_Task directions_. Look for the word "Market" in the data below, and copy every line that holds it.

_Data records_.
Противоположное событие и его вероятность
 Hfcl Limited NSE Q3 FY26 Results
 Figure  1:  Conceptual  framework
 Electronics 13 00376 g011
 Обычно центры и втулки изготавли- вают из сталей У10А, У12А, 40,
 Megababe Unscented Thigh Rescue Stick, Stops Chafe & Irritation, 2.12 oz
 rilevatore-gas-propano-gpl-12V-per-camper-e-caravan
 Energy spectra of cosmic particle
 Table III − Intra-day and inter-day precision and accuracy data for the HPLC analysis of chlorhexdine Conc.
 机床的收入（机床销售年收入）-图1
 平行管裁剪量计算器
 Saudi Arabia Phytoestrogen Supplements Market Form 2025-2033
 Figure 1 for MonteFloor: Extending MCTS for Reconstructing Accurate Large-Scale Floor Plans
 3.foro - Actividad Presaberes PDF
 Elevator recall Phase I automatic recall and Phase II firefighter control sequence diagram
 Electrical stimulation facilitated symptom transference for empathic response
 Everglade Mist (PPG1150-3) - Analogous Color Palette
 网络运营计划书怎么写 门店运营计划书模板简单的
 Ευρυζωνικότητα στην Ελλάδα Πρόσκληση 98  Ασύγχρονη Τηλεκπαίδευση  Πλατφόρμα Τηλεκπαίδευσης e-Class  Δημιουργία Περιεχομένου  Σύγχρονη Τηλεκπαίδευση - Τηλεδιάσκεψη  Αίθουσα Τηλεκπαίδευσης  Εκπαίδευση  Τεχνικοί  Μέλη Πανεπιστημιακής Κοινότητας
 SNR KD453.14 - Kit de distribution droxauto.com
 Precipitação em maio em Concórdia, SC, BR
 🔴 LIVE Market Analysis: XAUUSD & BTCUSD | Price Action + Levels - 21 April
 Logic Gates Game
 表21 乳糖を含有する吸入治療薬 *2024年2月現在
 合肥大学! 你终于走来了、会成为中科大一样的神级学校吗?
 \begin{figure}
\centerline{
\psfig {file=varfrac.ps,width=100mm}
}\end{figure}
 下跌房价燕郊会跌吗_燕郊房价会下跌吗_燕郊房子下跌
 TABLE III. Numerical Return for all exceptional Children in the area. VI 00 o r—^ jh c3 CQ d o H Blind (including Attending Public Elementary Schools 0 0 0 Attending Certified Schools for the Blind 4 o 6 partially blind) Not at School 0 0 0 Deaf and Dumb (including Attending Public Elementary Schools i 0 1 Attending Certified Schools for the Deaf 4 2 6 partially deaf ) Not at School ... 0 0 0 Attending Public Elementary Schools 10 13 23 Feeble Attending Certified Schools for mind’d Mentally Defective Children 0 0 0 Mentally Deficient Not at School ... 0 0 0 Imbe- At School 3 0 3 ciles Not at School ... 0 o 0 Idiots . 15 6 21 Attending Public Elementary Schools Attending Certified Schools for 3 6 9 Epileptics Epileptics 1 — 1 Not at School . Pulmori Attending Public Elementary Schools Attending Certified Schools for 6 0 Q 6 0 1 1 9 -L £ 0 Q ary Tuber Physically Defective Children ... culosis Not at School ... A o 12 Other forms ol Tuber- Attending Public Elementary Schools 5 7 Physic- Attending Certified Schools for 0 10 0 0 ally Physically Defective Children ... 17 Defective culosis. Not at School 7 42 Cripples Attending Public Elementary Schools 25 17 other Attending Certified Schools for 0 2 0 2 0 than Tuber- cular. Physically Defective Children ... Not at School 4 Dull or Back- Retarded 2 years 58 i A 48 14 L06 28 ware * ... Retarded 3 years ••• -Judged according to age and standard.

_Written reply_.
 Saudi Arabia Phytoestrogen Supplements Market Form 2025-2033
 🔴 LIVE Market Analysis: XAUUSD & BTCUSD | Price Action + Levels - 21 April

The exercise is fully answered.